Si tu me réponds “du hasard », tu es un mécréant,
car tu ne reconnais pas ton Créateur,
plein d’ingratitude envers Celui qui t’a tout donné. »
– … Saint Ambroise de Milan (lui qui a donné le baptême à Saint Augustin) :
« Ce n’est pas de ton bien que tu distribues au pauvre. …
La terre appartient à tous et non aux riches. »
Plus récent celui-là … qui n’est pas « père de l’Église » … le bienheureux Frédéric Ozanam (dans les
années 1850) (fondateur de la Société St Vincent de Paul) :
« Vous les pauvres, vous êtes nos maîtres et nous serons vos serviteurs.
Vous êtes pour nous les images sacrées de ce Dieu que nous ne voyons pas.
Et ne sachant pas l’aimer autrement, nous l’aimerons en vos personnes ».
Trois passages de la Bible, d’autres des Pères de l’Église, un d’un serviteur plus récent, …
j’aurai pu choisir … l’Abbé Pierre, le Père Joseph Wresinski – fondateur d’ATD Quart-Monde. …
Je pointe maintenant quelques enseignements des papes pendant les 130 dernières années.
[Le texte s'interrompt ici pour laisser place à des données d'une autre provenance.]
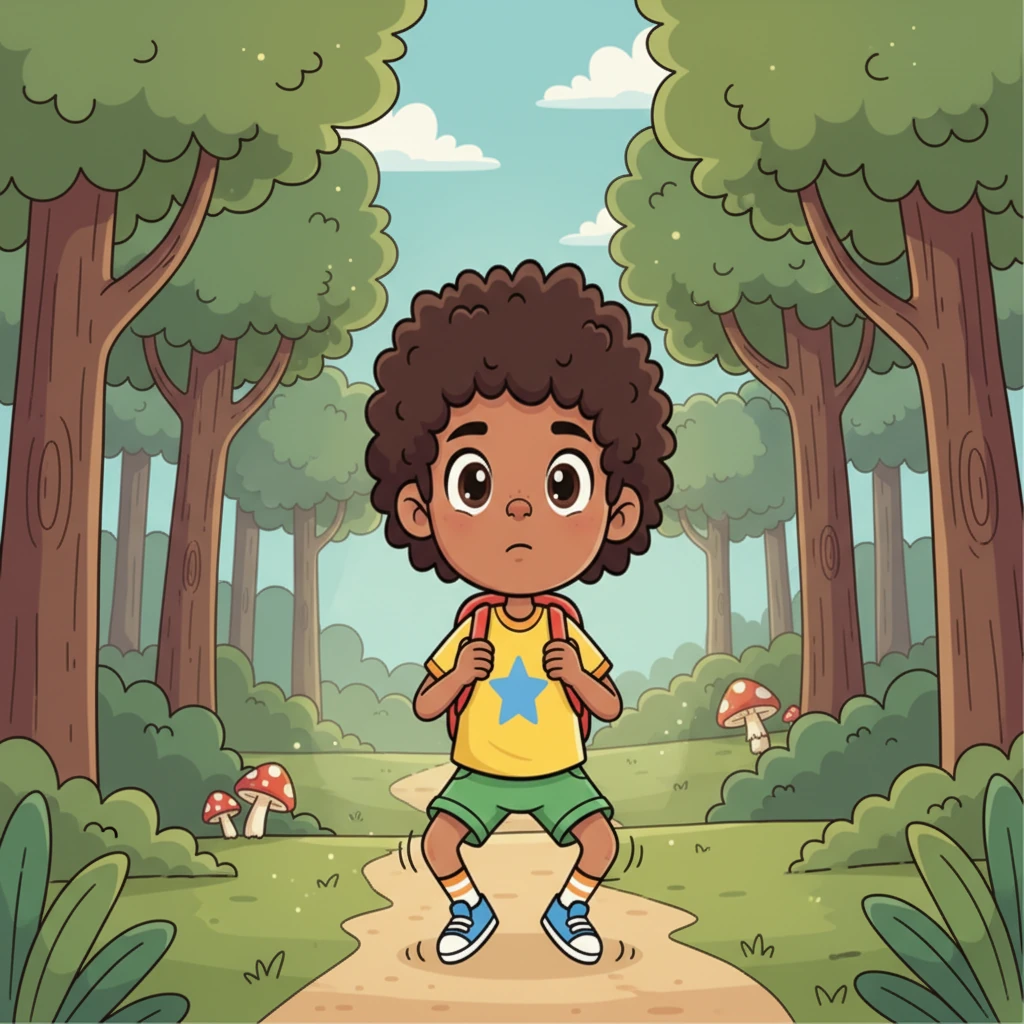 "Aha!" he thought, recognizing the feeling. "That's my 'wobbly-knees' feeling!" His legs felt a bit like jelly, and he wondered if he should just turn back. The path ahead seemed a bit too quiet, a bit too mysterious.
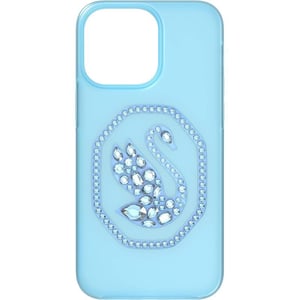 Swarovski Signum Smartphone Case for iPhone 13 Pink with Swarovski Swan Motif and Pink Swarovski Crystals Part of the Swarovski Signum CollectioniPhone Pro Max Blue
J’en ai choisi plusieurs qui me parlent.
1891 : Léon XIII écrit l’encyclique « Rerum Novarum » = « des choses nouvelles » …
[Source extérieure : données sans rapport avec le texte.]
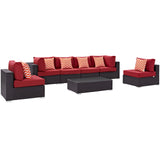 Convene 7 Piece Outdoor Patio Sectional Set Espresso Red EEI-2357-EXP-RED-SET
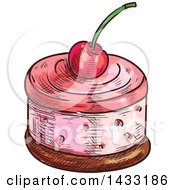 Clipart Of A Sketched Cherry Souffle Biscuit Royalty Free Vector Illustration by Vector Tradition SM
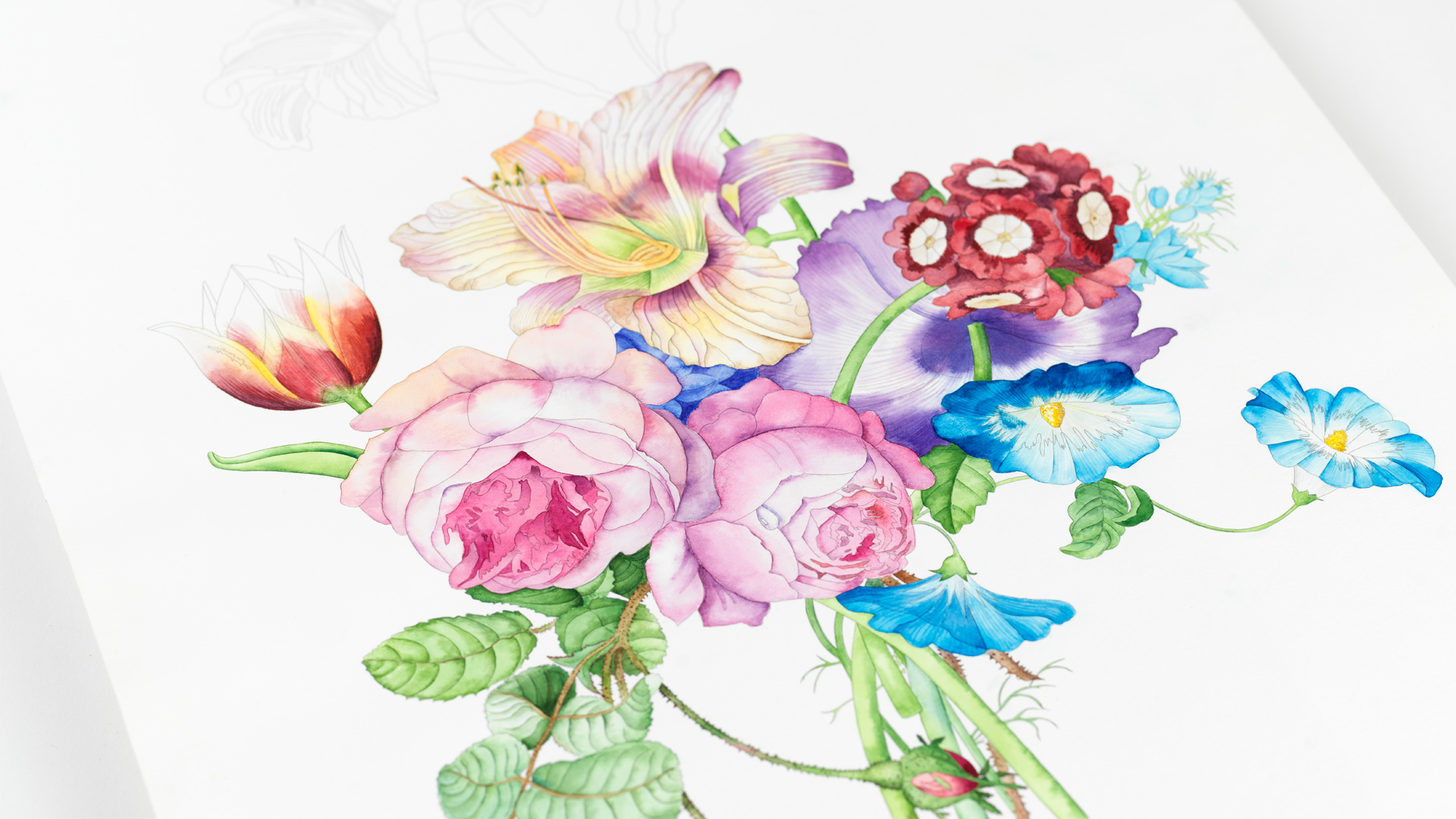 Pepin Artiesten Kleurboek - Bloemen Afbeeldingen - Afbeelding 1
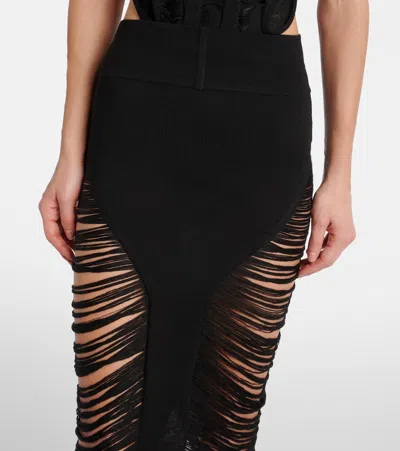 Rick Owens Long Skirt With Cut-out Design And Distressed Effect In Black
Il invite à être attentif à « la misère et la pauvreté qui pèsent sur la majeure partie de la classe
ouvrière ». Dit-il.
Il encourage le syndicalisme chrétien. Des mouvements d’action catholique spécialisés vont naître,
à la fois pour les adultes et les jeunes. Il parle de justes salaires, de droit au repos, de dimanches …
(n’est ce pas d’actualité … ?)
70 années après Léon XIII, en 1961, je passe à « Mater et Magistra » écrit par le Pape Saint Jean XXIII :
Oui, l’Église est « Mère et éducatrice » de tous les peuples …
Elle « veille avec une providence maternelle sur la vie des personnes et des peuples, respectant avec
soin leur dignité. »
Le Saint Pape Jean invite à relire les structures en place pour plus de vérité, de justice et d’amour.
1963 … c’est encore lui, le Pape St Jean XXIII, qui écrit l’encyclique « Pacem in terris » « La paix sur la
terre » !!! « à tous les hommes de bonne volonté croyants ou incroyants ».
1963, en plein contexte de guerre froide … afin « que les conflits ne soient pas résolus par les armes,
mais plutôt par la négociation ».
Encore l’actualité … nous tous, nous tentons d’écouter les nouvelles, les commentaires
d’intervenants que je pense sérieux et compétents. Des « artisans de paix » peut-être ?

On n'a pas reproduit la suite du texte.